El mensaje político de Mangione es también un mensaje catecuménico, cifrado, con “varias capas”, como dijo Marcela Perelman. Un “mensaje” —para usar la vieja terminología instrumental— no-cerrado, que se multiplica no en su repetición —de hecho, al día siguiente volvió a haber un tiroteo masivo, esta vez en una iglesia, cuyo tirador era una chica de 15 años— sino en su generación de sentidos, en la manifestación de un malestar crónico, desahuciado, sin futuro que esta vez encontró a alguien que habló en serio.

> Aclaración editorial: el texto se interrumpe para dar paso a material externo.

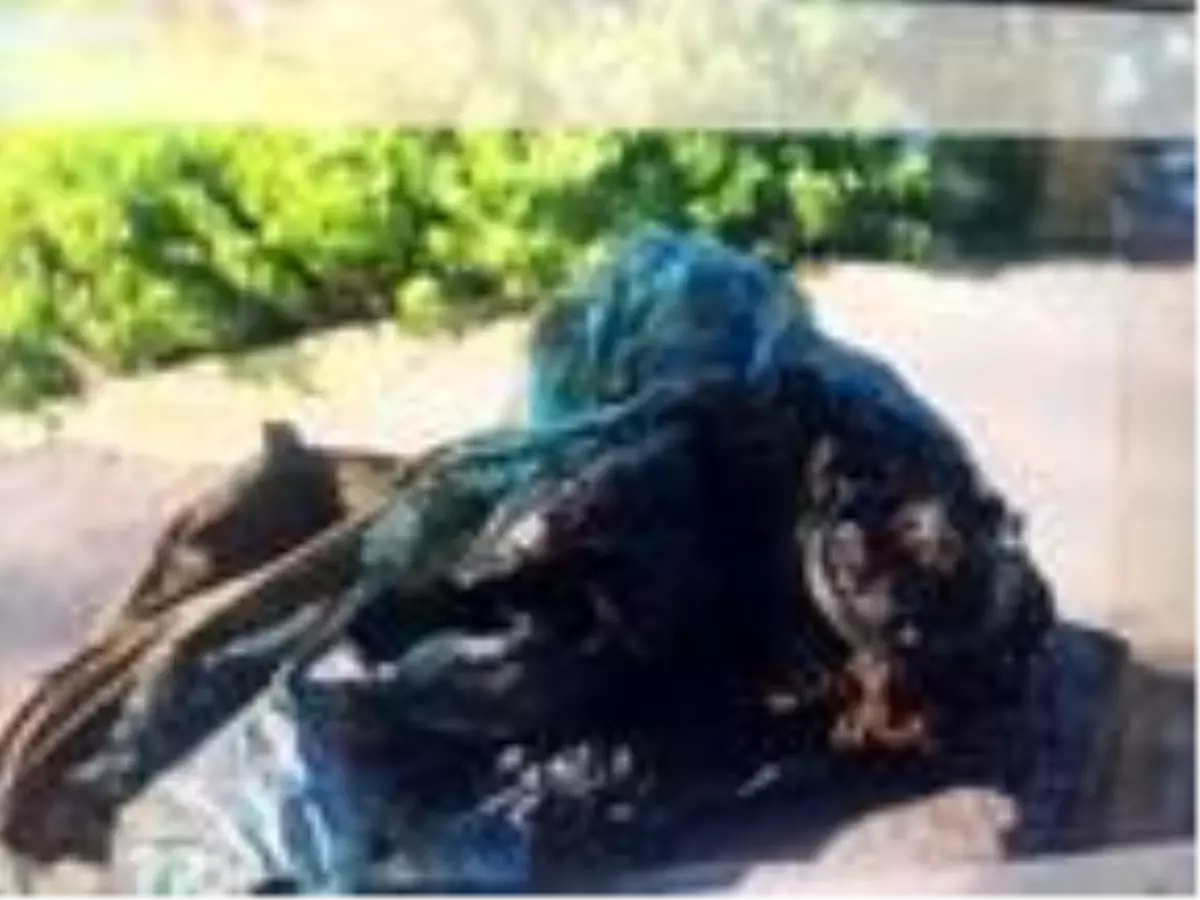 Son dakika haber... Porsuk Çayı'nda, balıkçıların oltasına 'el bombası' takıldı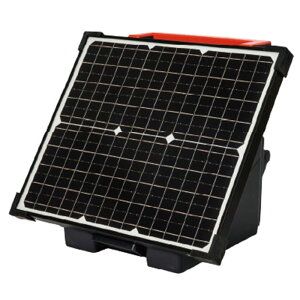 ̃AO dq S2000 ZT[ 28W\[[ obe[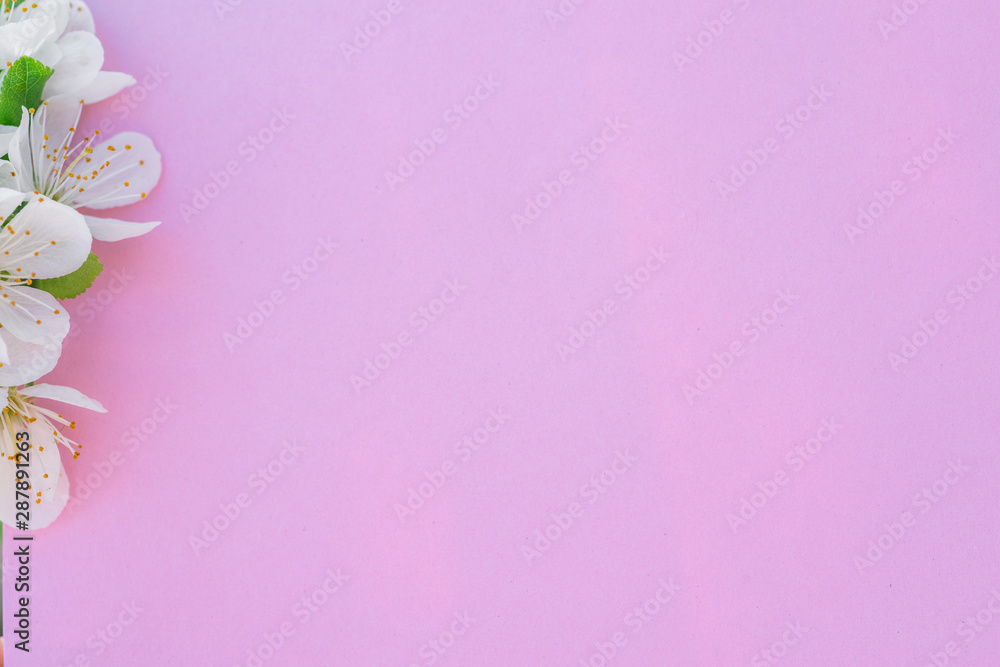 Violet paper blank and flowers of cherry tree on it. Violet paper blank and flowers of cherry tree on it.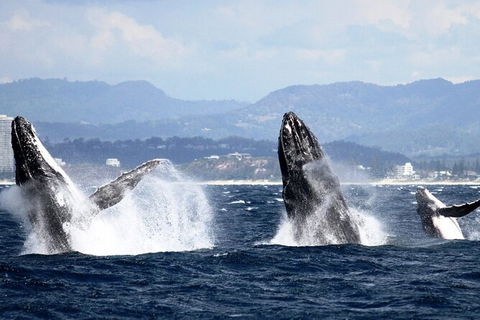 Whale Watching Tour In Gold Coast - Accommodation Gladstone 6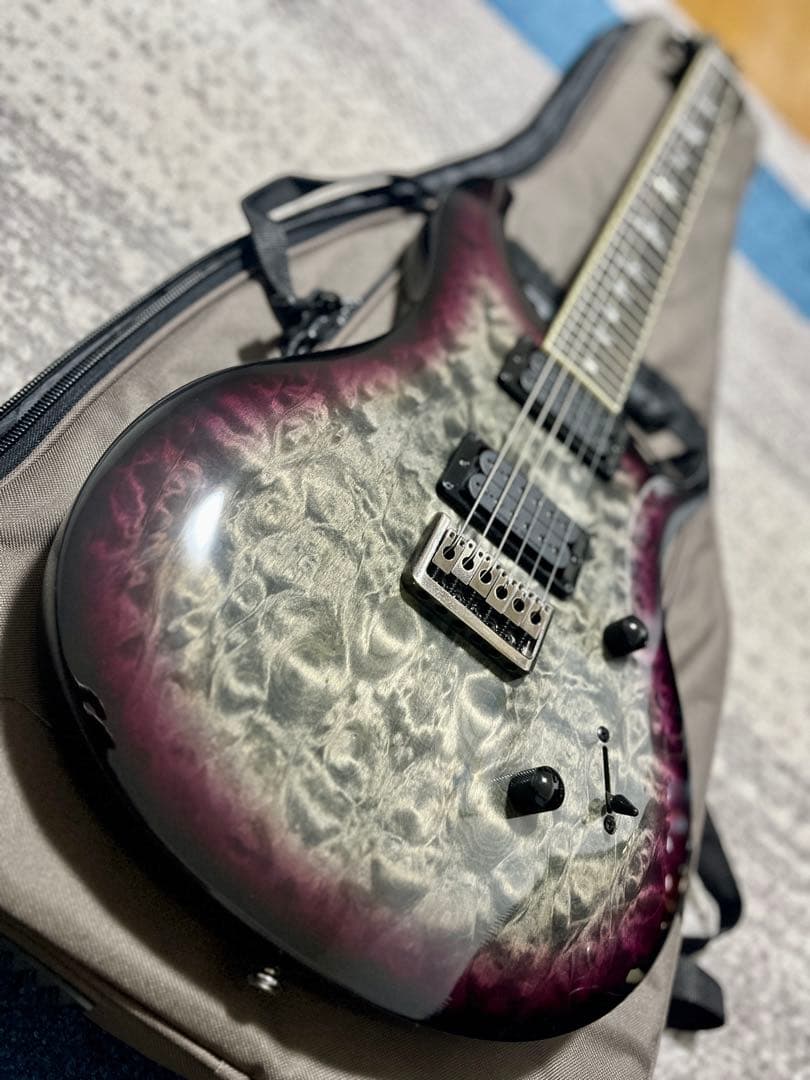 ギター PRS SE Mark Holcomb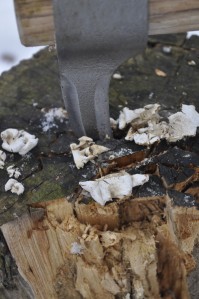 Spike splits a frozen stump really well. 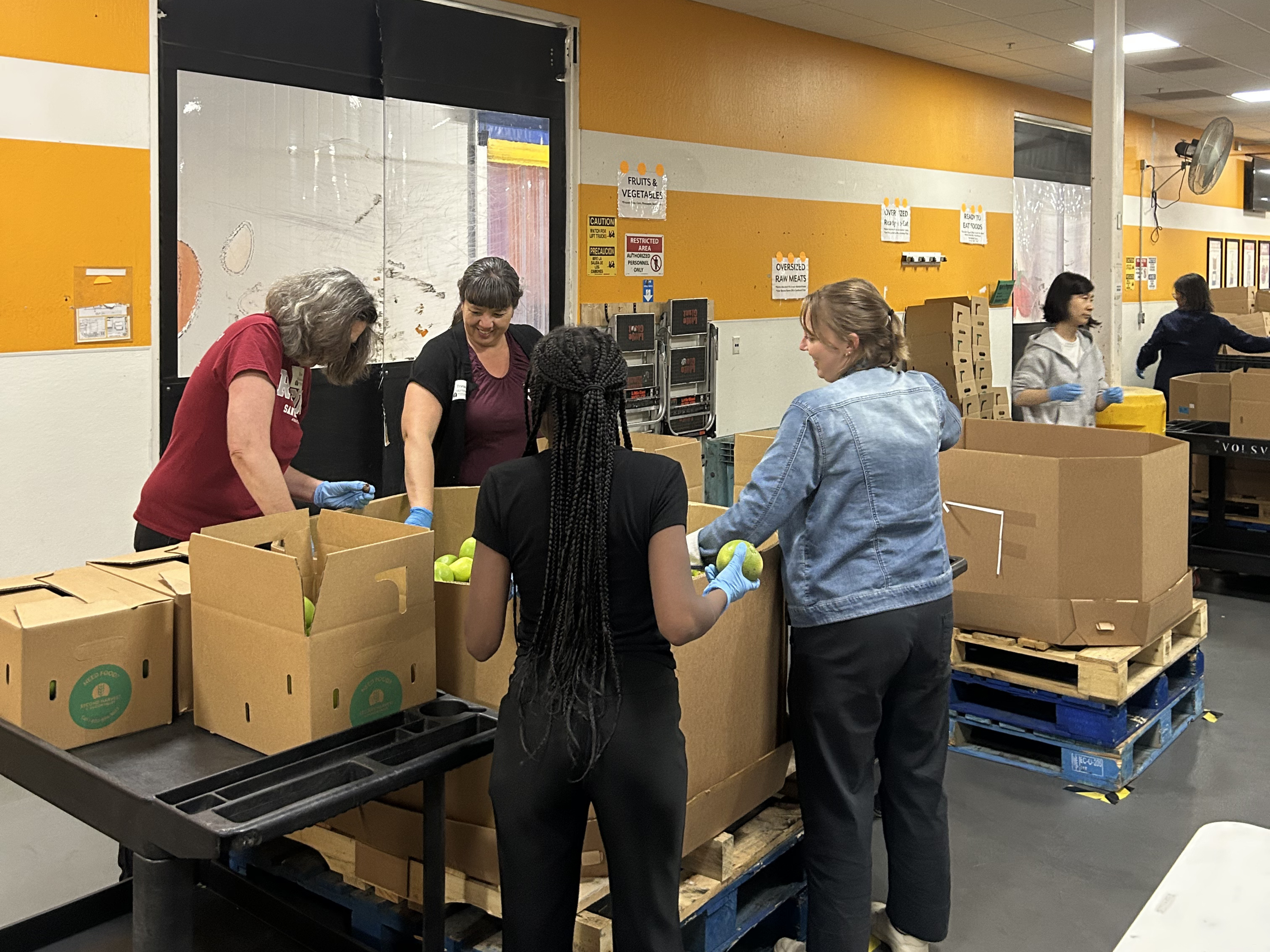 Alumni helping out as a team in second harvest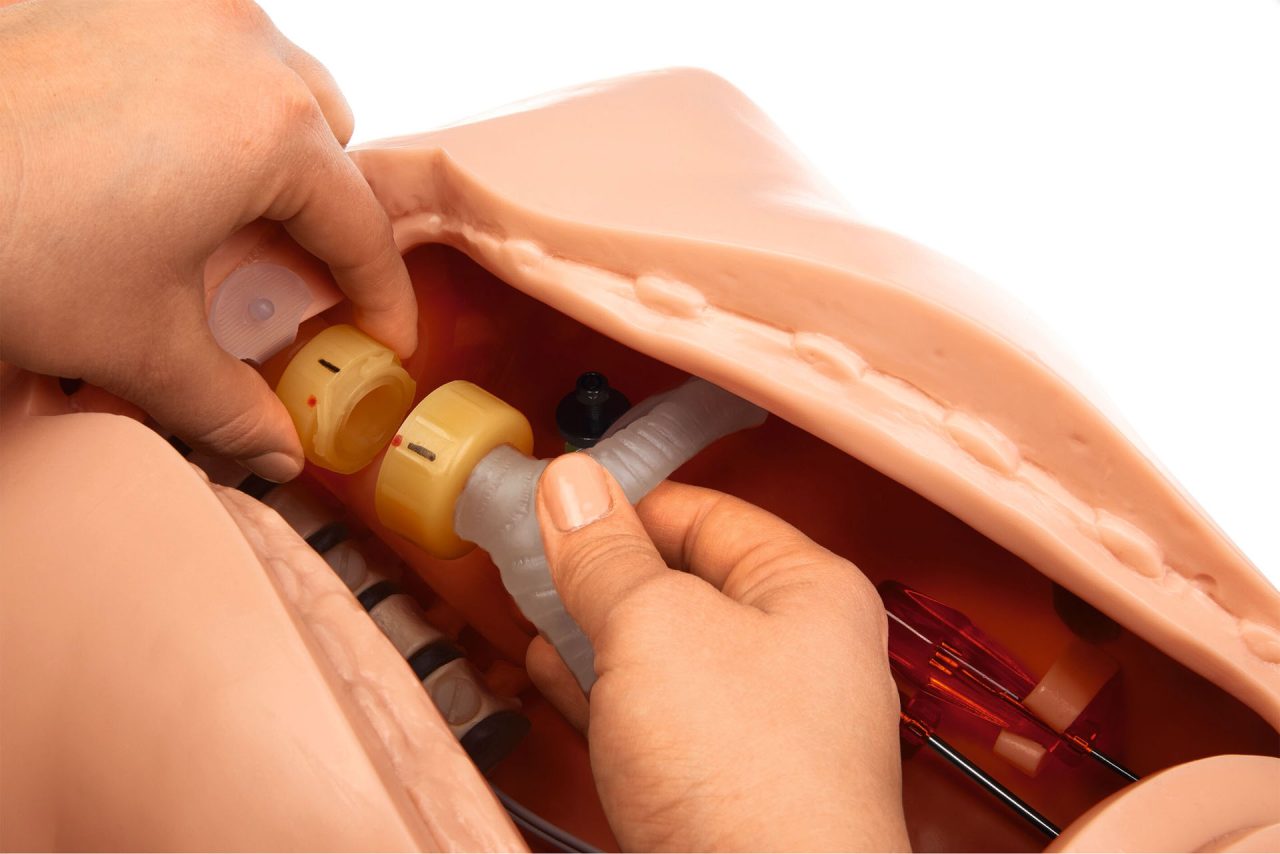 Intubation Phantom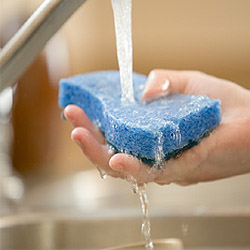 how-to-get-rid-of-sour-sponge-smell1.jpg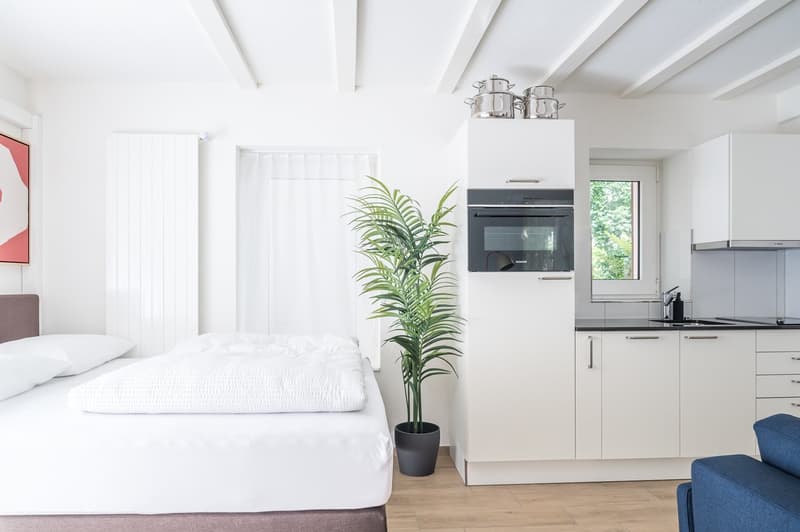 2min zum HB - möblierte 1.5 Zimmerwohnung mit privater Terrasse (4)
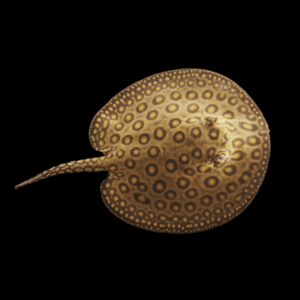 Freshwater Motoro Stingray Potamotrygon Motoro 20cm - Female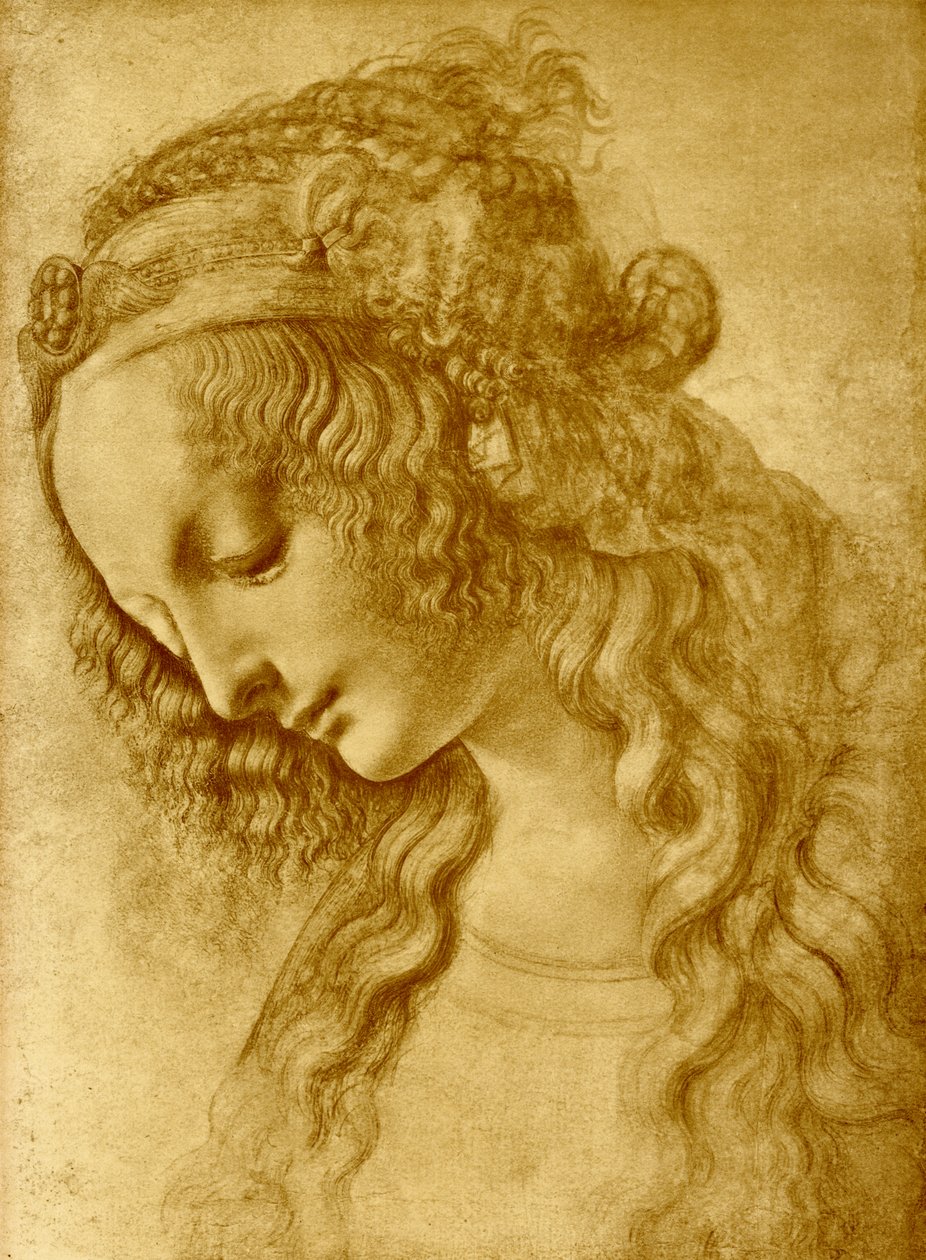 Naisen pää tekijältä Leonardo da Vinci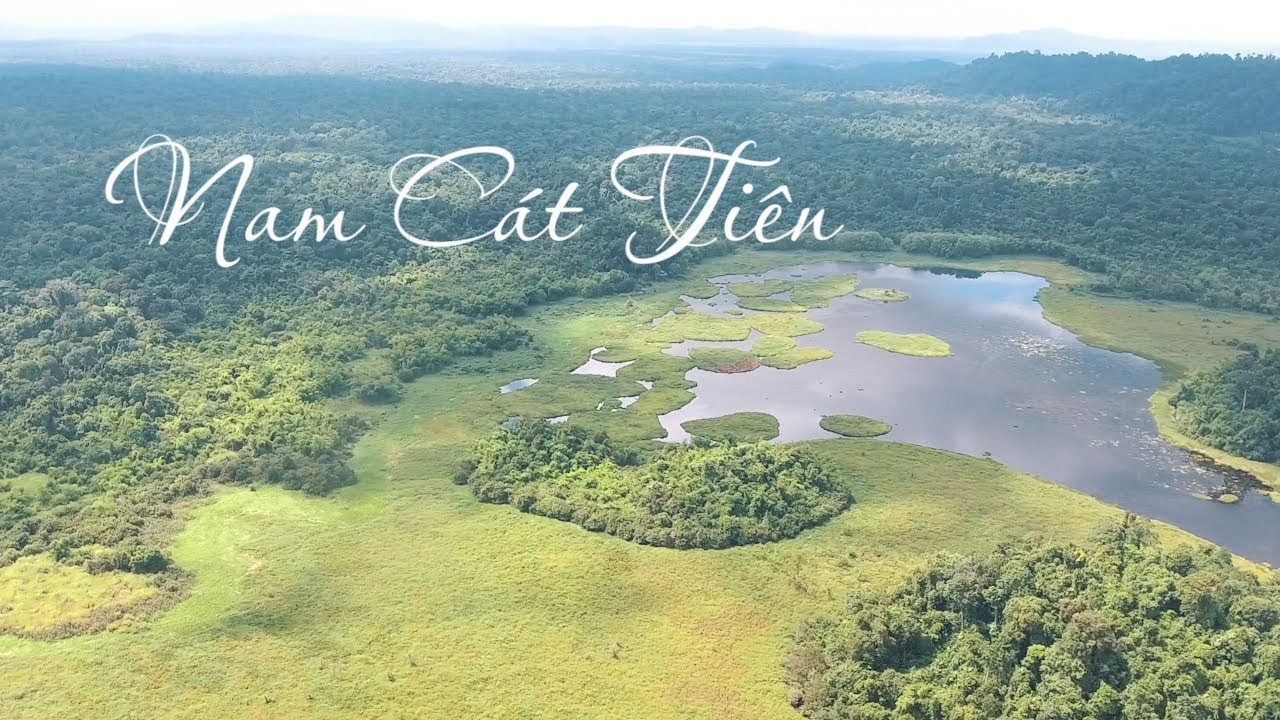 Tour Rừng Già Nam Cát Tiên 2 Ngày 1 Đêm | Treking Cây Tung Cổ Thụ - Cây Đa Lộc Giao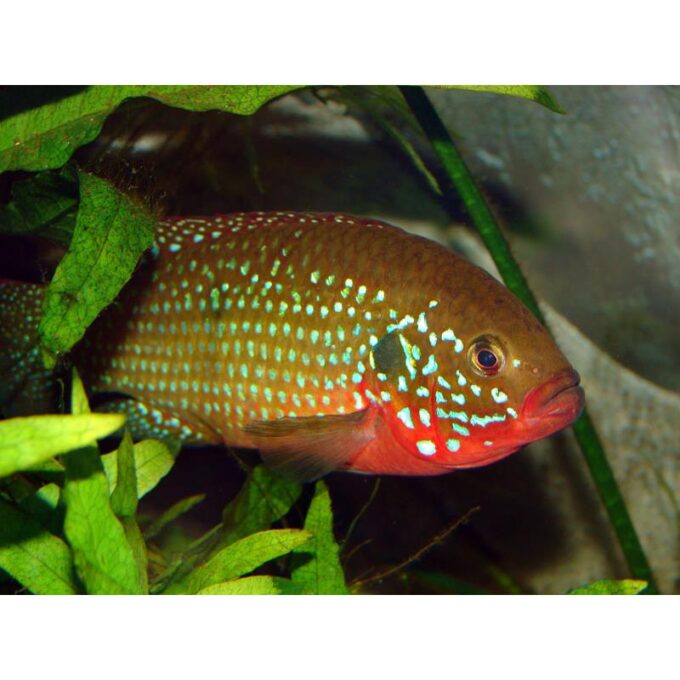 Hemichromis bimaculatus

A mediados de los 90, cuando ya había caído el Muro y la ya disuelta Unión Soviética recibía un último soplo de humillación con la figura de Boris Yeltsin, el filósofo marxista francés Alain Badiou —insospechado de cristianismo y menos de catolicismo— publicó un breve libro titulado San Pablo. Lo que el francés analiza allí no es la verdad que predica el ex sicario judío Saulo de Tarso —Jesús resucitó y vive en nosotros—, que Badiou no cree; sino el hecho de que haya logrado con su práctica catecuménica —epístolas, reuniones clandestinas, viajes y visitas— una prédica universal. Una prédica que, en el presente de Badiou, se hundía con el socialismo realmente existente de mediados de los 90.
Volver a las catacumbas para ensayar una prédica universal capaz de ofrecer un futuro no es algo que pueda reclamarle a mi generación vencida, pero es algo que sí creo escuchar en las generaciones más recientes, las que aún no se dan por vencidas aunque mastiquen la derrota.